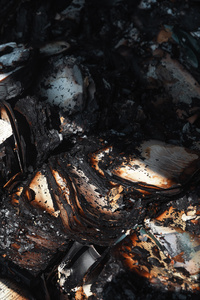 Burnt books seen lying in the debris after a massive fire caused by a Russian attack severely damaged the Pochayna book market. On the night of August 16, 2026, a massive Russian air strike on Kyiv caused severe destruction and a large-scale fire at the "Pochaina" book market (formerly known as Petrivka) in the Obolon district. The enemy attack completely burned down several rows of trading pavilions containing books and stationery just ahead of the new school year. Emergency response teams worked at the scene to extinguish the blaze, which spread across a vast area. According to preliminary reports from city authorities, at least three people were injured as a result of the overnight attack. The destroyed marketplace had operated in the capital for nearly 30 years and stood as one of the largest hubs for book trade in Ukraine.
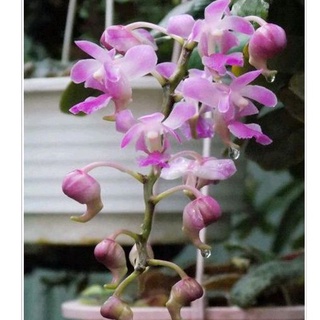 เอื้องกุหลาบแดง(Aerides crassifolia) จัดส่งแบบเกาะไม้รากแน่นๆค่ะ  จำนวน 1-2 ต้น พร้อมส่งจ้า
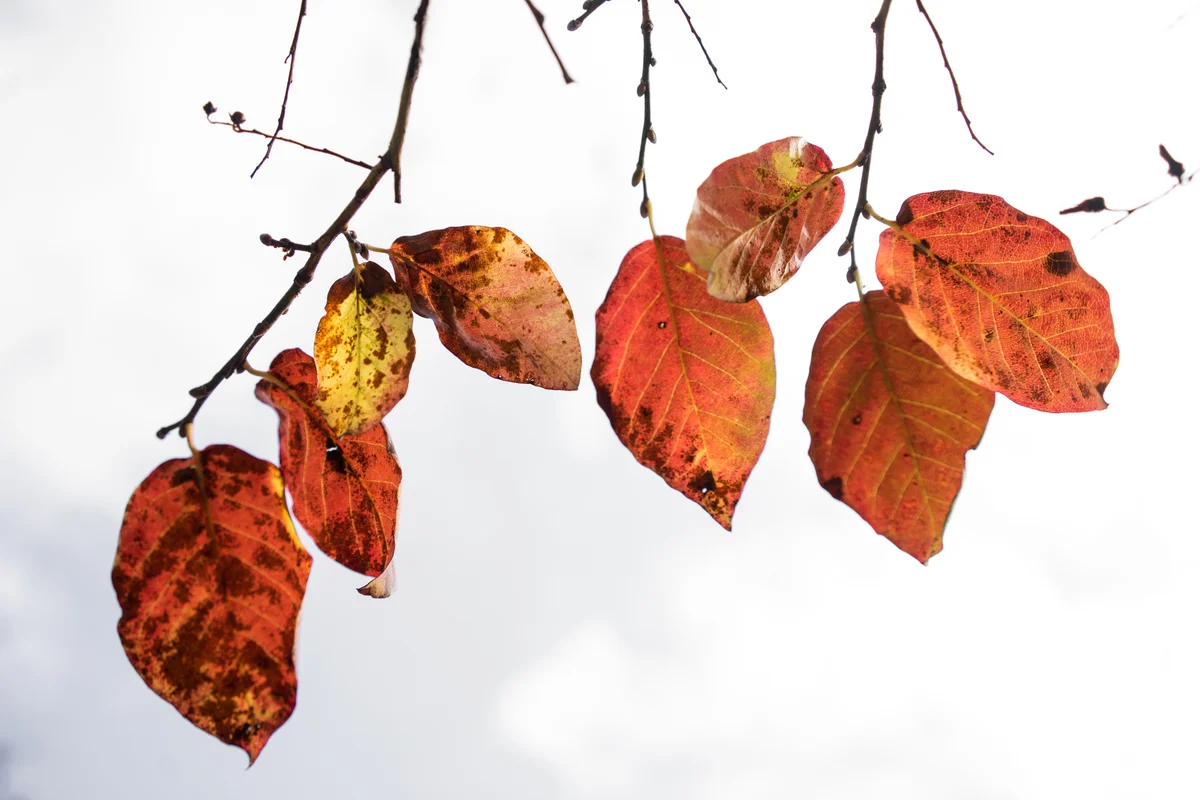 Shot of colourful leafs taken during autumn season in Kyoto Japan.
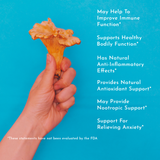 Mushroom Immunity Defense +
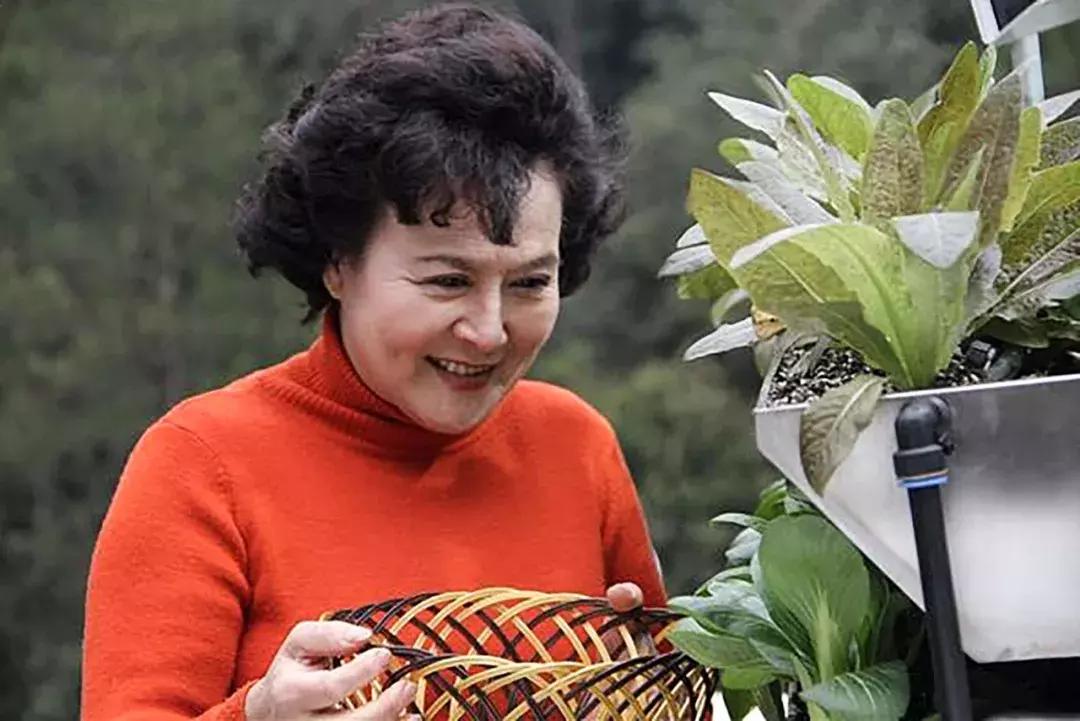 60岁整容亲身经历,整容亲身经历真的好吗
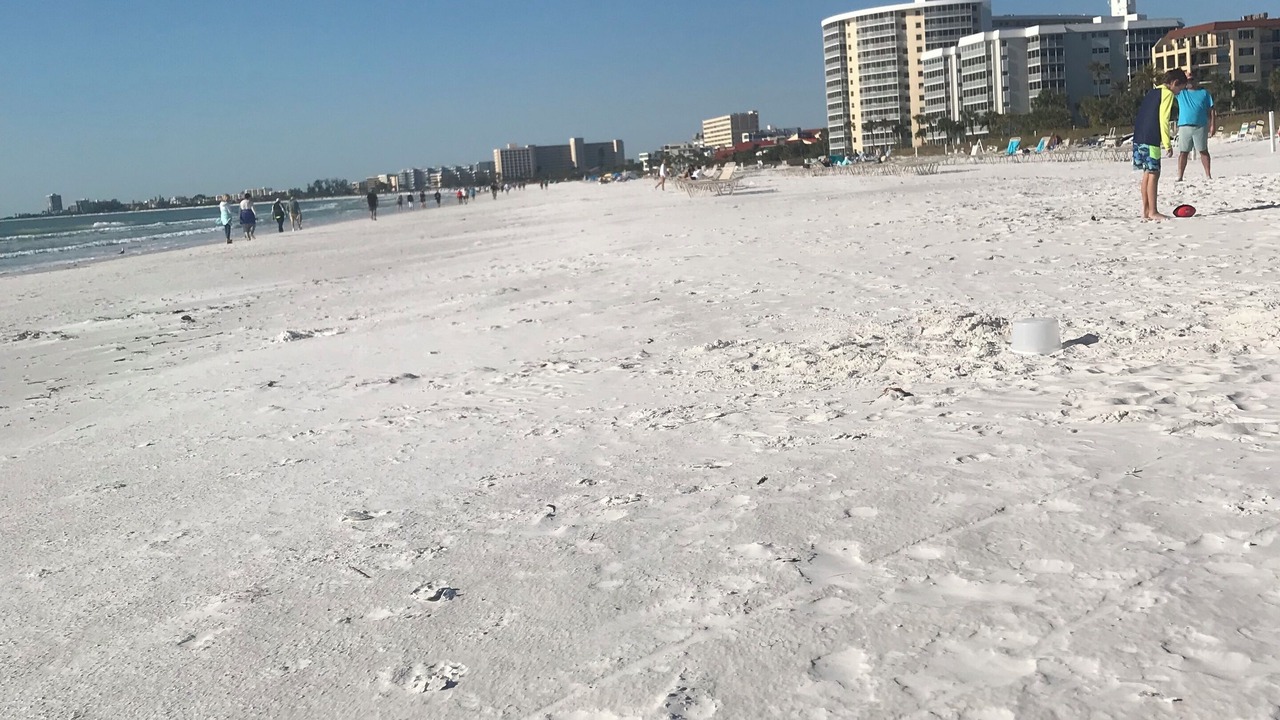 Photo of Others in Siesta Key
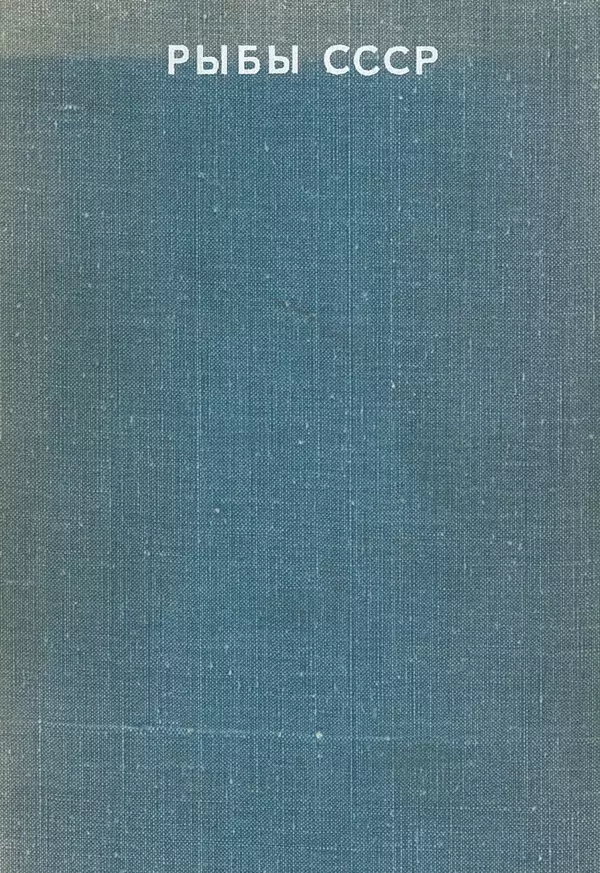 Книгаго: Рыбы СССР. Иллюстрация № 2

▸ WHAT NEEDS TO BE DONE:
Restate each entry word for word. Omit every picture.

▸ RESULT FOR THIS EXERCISE:
 Burnt books seen lying in the debris after a massive fire caused by a Russian attack severely damaged the Pochayna book market. On the night of August 16, 2026, a massive Russian air strike on Kyiv caused severe destruction and a large-scale fire at the "Pochaina" book market (formerly known as Petrivka) in the Obolon district. The enemy attack completely burned down several rows of trading pavilions containing books and stationery just ahead of the new school year. Emergency response teams worked at the scene to extinguish the blaze, which spread across a vast area. According to preliminary reports from city authorities, at least three people were injured as a result of the overnight attack. The destroyed marketplace had operated in the capital for nearly 30 years and stood as one of the largest hubs for book trade in Ukraine.
 เอื้องกุหลาบแดง(Aerides crassifolia) จัดส่งแบบเกาะไม้รากแน่นๆค่ะ  จำนวน 1-2 ต้น พร้อมส่งจ้า
 Shot of colourful leafs taken during autumn season in Kyoto Japan.
 Mushroom Immunity Defense +
 60岁整容亲身经历,整容亲身经历真的好吗
 Photo of Others in Siesta Key
 Книгаго: Рыбы СССР. Иллюстрация № 2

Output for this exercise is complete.